RECORDED INFORMATION section start

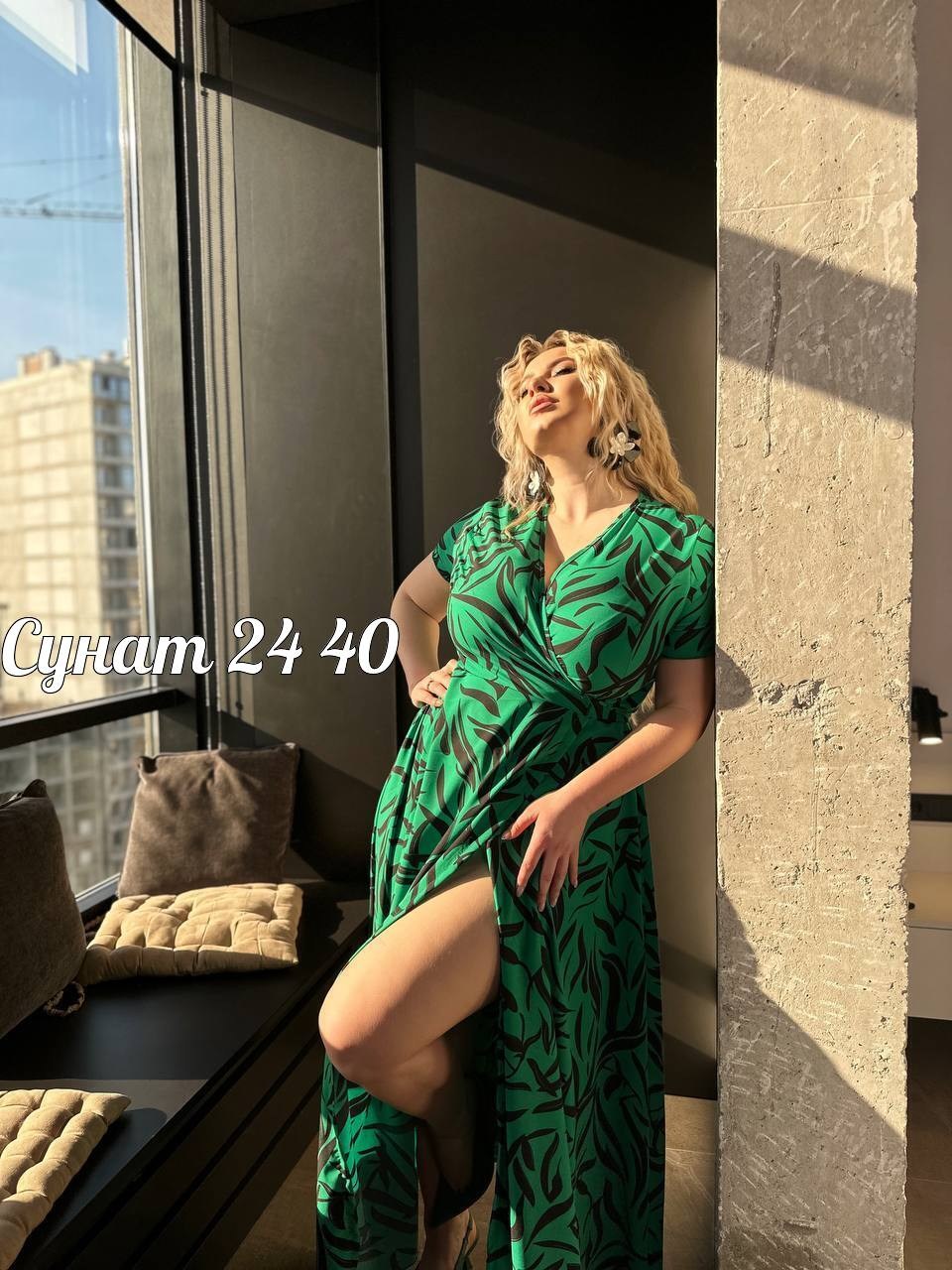 женское платье больших размеров,платье женское большие размеры,женское платье большого размера,платье больших размеров для женщин,платье больших размеров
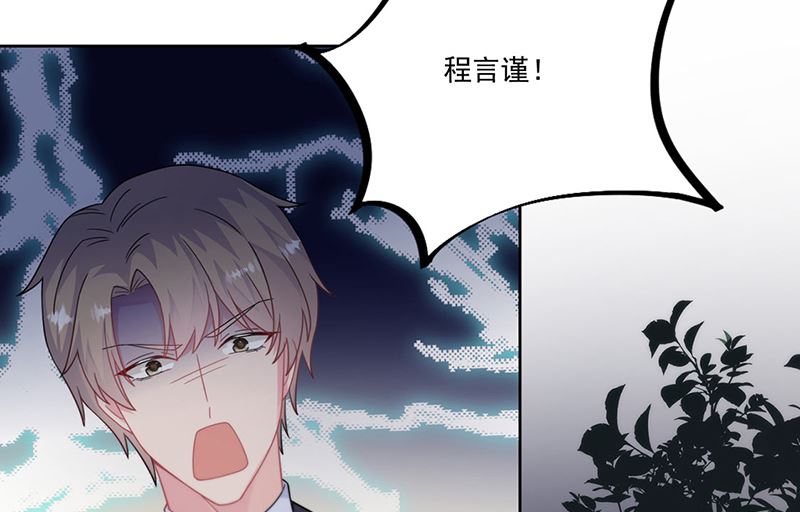 第二部第206话(1/2)-第373话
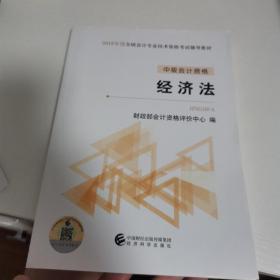 中级会计资格经济法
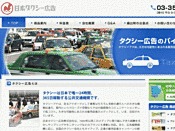 日本タクシー広告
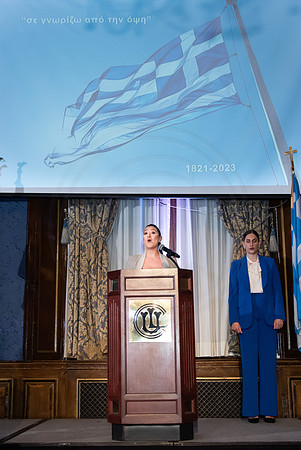 NationalGreekDay_EliosPhoto©2023-163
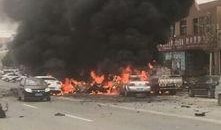 消防最新事件爆料信息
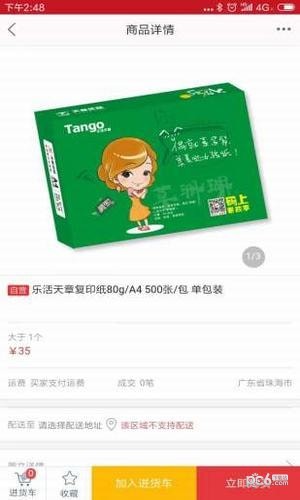 妥了网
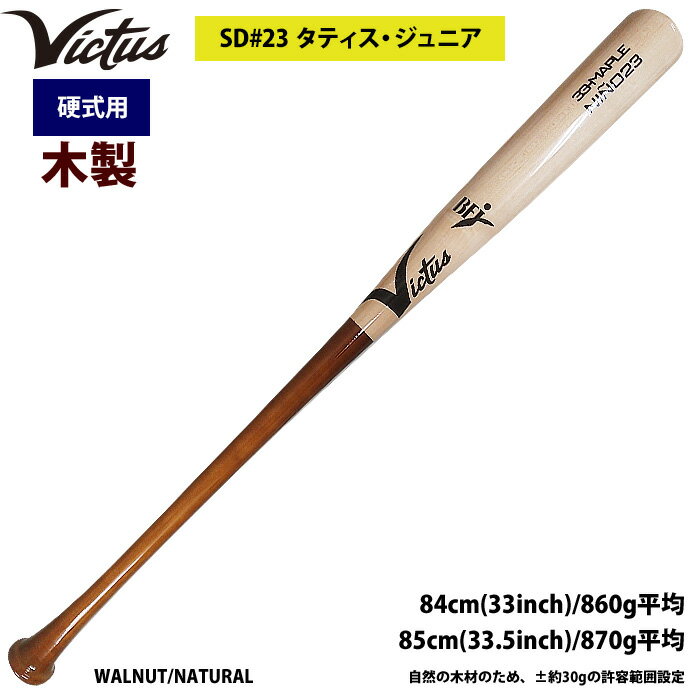 楽天市場】タティスjr(バット|野球・ソフトボール):スポーツ 楽天市場】タティスjr(バット|野球・ソフトボール):スポーツ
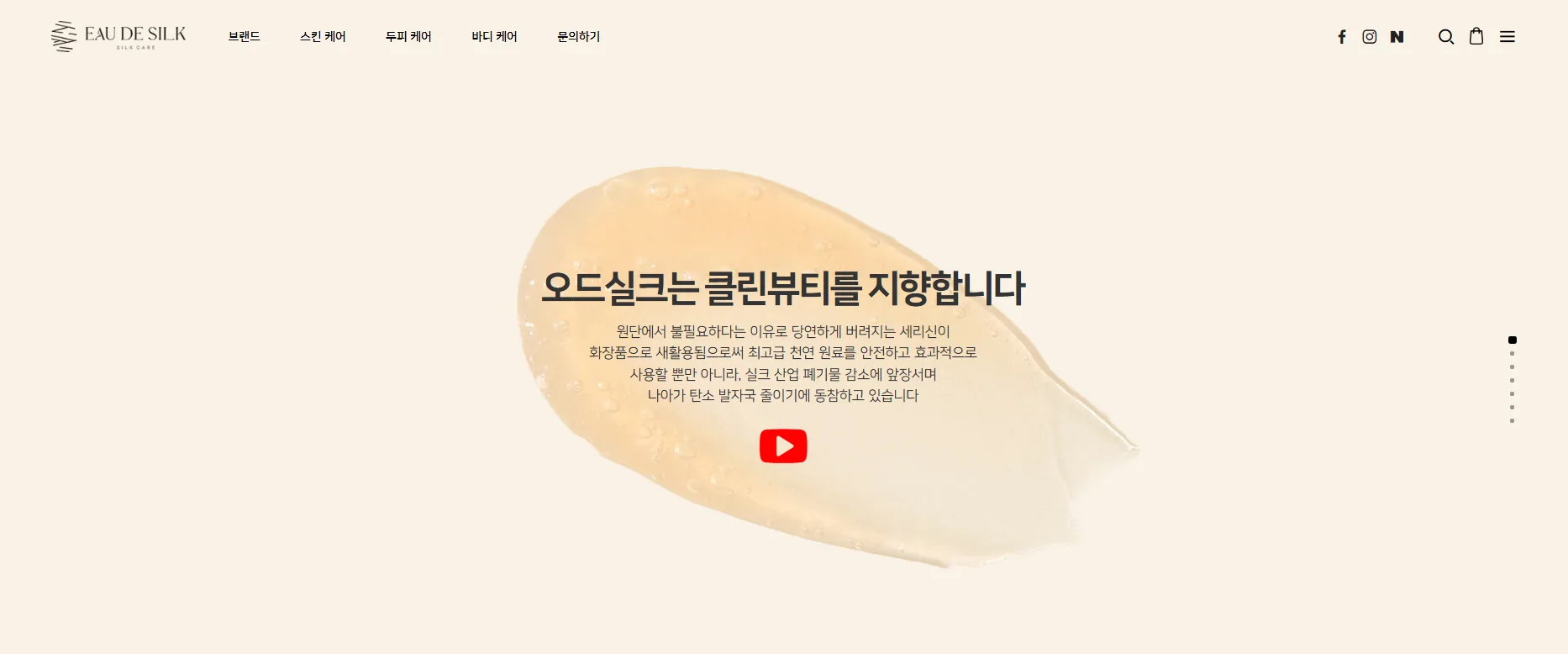 오드실크 공식 사이트 첫 화면. ‘오드실크는 클린뷰티를 지향합니다’라는 문구와 세리신을 새활용한다는 소개 글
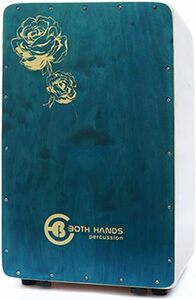 BOTH HANDS ROSE CAJON BHC-RBL ローズカホン ボスハンズ 調整可能なワイヤータイプ カホン リュックケース付属 カホンパッド付属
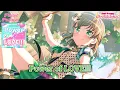 Download Lagu 【BanG Dream】 Pastel＊Palettes~Power of LOVE!!! (EXPERT)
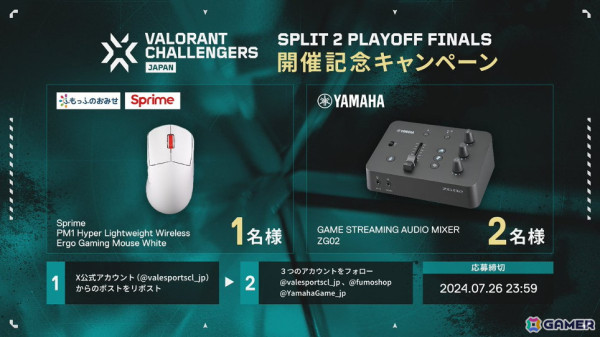 VALORANT Challengers Japan 2024 Split 2 Playoff Finalsには「RIDDLE ORDER」「Sengoku Gaming」「FENNEL」が出場！の画像5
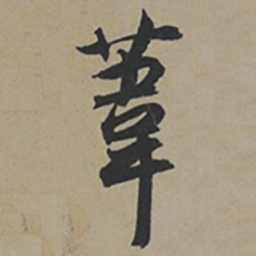 薛绍彭葦书法图片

RECORDED INFORMATION section end

__TO DO__. Pictures aside, reproduce every record exactly as it stands.

__ANSWER SECTION__.
 женское платье больших размеров,платье женское большие размеры,женское платье большого размера,платье больших размеров для женщин,платье больших размеров
 第二部第206话(1/2)-第373话
 中级会计资格经济法
 日本タクシー広告
 NationalGreekDay_EliosPhoto©2023-163
 消防最新事件爆料信息
 妥了网
 楽天市場】タティスjr(バット|野球・ソフトボール):スポーツ 楽天市場】タティスjr(バット|野球・ソフトボール):スポーツ
 오드실크 공식 사이트 첫 화면. ‘오드실크는 클린뷰티를 지향합니다’라는 문구와 세리신을 새활용한다는 소개 글
 BOTH HANDS ROSE CAJON BHC-RBL ローズカホン ボスハンズ 調整可能なワイヤータイプ カホン リュックケース付属 カホンパッド付属
 Download Lagu 【BanG Dream】 Pastel＊Palettes~Power of LOVE!!! (EXPERT)
 VALORANT Challengers Japan 2024 Split 2 Playoff Finalsには「RIDDLE ORDER」「Sengoku Gaming」「FENNEL」が出場！の画像5
 薛绍彭葦书法图片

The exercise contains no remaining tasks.